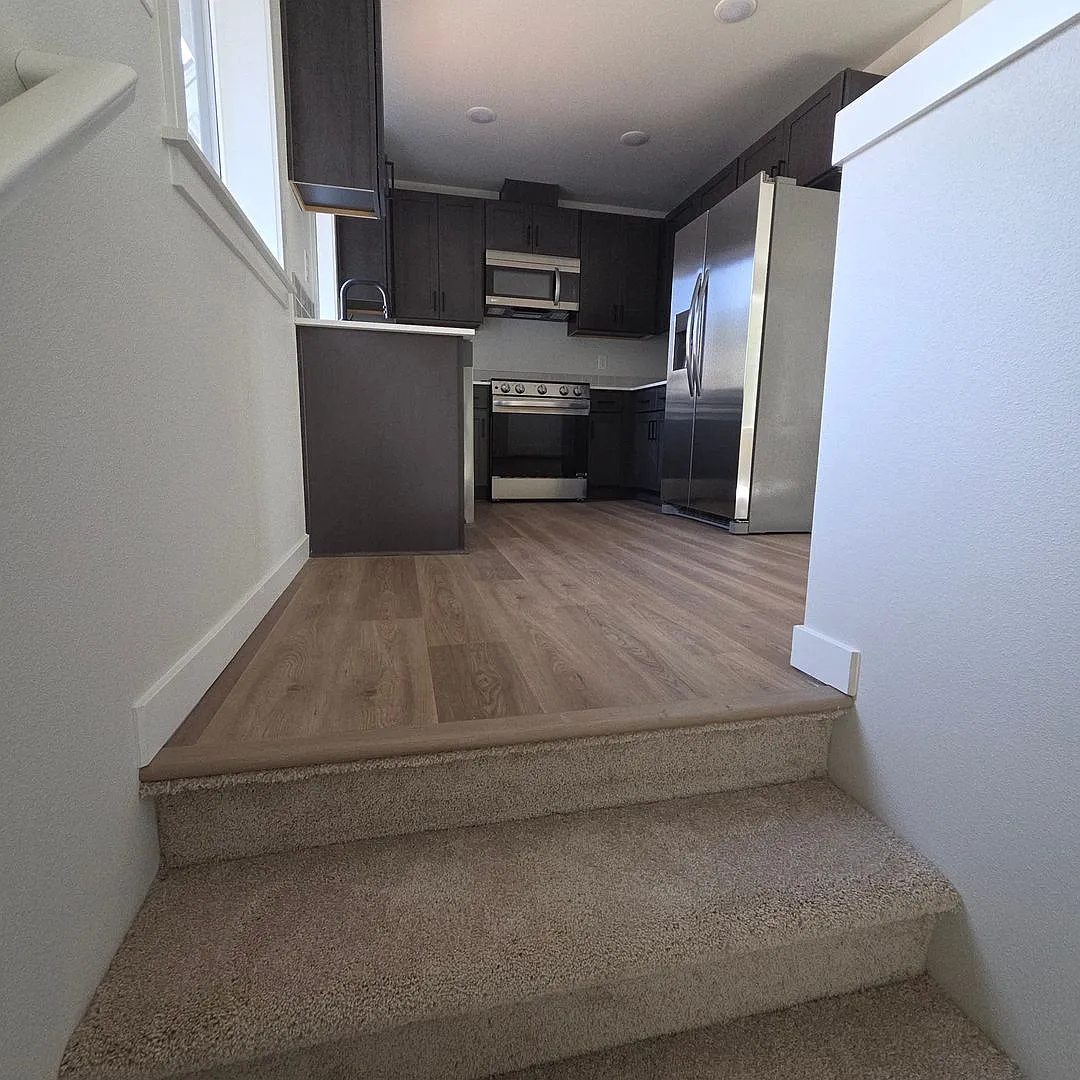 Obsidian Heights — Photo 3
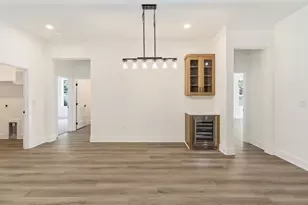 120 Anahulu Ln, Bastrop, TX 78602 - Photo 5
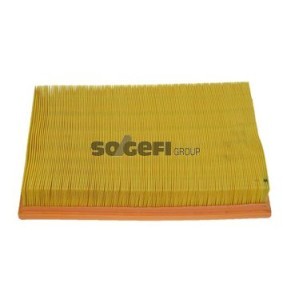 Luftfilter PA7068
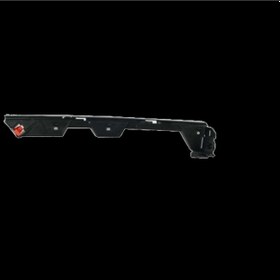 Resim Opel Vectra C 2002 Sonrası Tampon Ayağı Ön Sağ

EXERCISE — Everything from the line that contains "120 Anahulu Ln, Bastrop, TX 78602 - Photo 5" through the final line of the material should be returned exactly, except the pictures.

ANSWER FOR THE TASK —
 120 Anahulu Ln, Bastrop, TX 78602 - Photo 5
 Luftfilter PA7068
 Resim Opel Vectra C 2002 Sonrası Tampon Ayağı Ön Sağ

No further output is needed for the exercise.